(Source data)
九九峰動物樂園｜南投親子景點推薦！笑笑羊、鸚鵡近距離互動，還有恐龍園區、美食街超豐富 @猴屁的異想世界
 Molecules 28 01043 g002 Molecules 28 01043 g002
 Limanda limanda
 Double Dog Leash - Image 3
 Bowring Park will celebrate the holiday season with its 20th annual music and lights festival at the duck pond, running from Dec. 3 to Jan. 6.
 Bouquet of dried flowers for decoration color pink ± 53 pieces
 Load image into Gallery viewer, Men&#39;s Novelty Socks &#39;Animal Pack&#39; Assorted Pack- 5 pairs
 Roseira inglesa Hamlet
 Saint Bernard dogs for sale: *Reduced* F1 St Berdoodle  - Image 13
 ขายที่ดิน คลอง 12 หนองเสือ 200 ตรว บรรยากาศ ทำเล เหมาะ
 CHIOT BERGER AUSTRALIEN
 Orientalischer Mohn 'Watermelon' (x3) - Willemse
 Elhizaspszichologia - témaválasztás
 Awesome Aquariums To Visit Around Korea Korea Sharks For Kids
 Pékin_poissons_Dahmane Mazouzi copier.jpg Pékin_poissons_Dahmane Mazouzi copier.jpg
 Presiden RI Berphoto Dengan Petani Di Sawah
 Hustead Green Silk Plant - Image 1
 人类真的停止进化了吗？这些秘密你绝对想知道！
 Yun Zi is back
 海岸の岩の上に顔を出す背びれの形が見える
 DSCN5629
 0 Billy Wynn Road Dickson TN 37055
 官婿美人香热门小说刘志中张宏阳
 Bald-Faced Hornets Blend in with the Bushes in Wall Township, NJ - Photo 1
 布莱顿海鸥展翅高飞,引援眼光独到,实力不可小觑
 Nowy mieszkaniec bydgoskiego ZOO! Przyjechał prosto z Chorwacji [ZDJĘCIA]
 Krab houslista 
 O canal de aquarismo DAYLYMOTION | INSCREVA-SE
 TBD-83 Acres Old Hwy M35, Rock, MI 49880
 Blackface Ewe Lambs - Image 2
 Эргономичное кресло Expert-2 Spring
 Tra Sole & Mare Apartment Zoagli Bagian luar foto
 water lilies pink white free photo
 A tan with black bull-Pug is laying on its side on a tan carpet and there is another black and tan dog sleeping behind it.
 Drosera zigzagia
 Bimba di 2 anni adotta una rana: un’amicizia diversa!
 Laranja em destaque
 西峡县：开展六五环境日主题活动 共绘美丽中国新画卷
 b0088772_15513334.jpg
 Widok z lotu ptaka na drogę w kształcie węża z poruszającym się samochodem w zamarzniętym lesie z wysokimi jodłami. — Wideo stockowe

Exercise requirements: Word for word, restate the lines above from the line containing "Hustead Green Silk Plant - Image 1" through the line containing "TBD-83 Acres Old Hwy M35, Rock, MI 49880", with both included and nothing else.

Answer section:
 Hustead Green Silk Plant - Image 1
 人类真的停止进化了吗？这些秘密你绝对想知道！
 Yun Zi is back
 海岸の岩の上に顔を出す背びれの形が見える
 DSCN5629
 0 Billy Wynn Road Dickson TN 37055
 官婿美人香热门小说刘志中张宏阳
 Bald-Faced Hornets Blend in with the Bushes in Wall Township, NJ - Photo 1
 布莱顿海鸥展翅高飞,引援眼光独到,实力不可小觑
 Nowy mieszkaniec bydgoskiego ZOO! Przyjechał prosto z Chorwacji [ZDJĘCIA]
 Krab houslista 
 O canal de aquarismo DAYLYMOTION | INSCREVA-SE
 TBD-83 Acres Old Hwy M35, Rock, MI 49880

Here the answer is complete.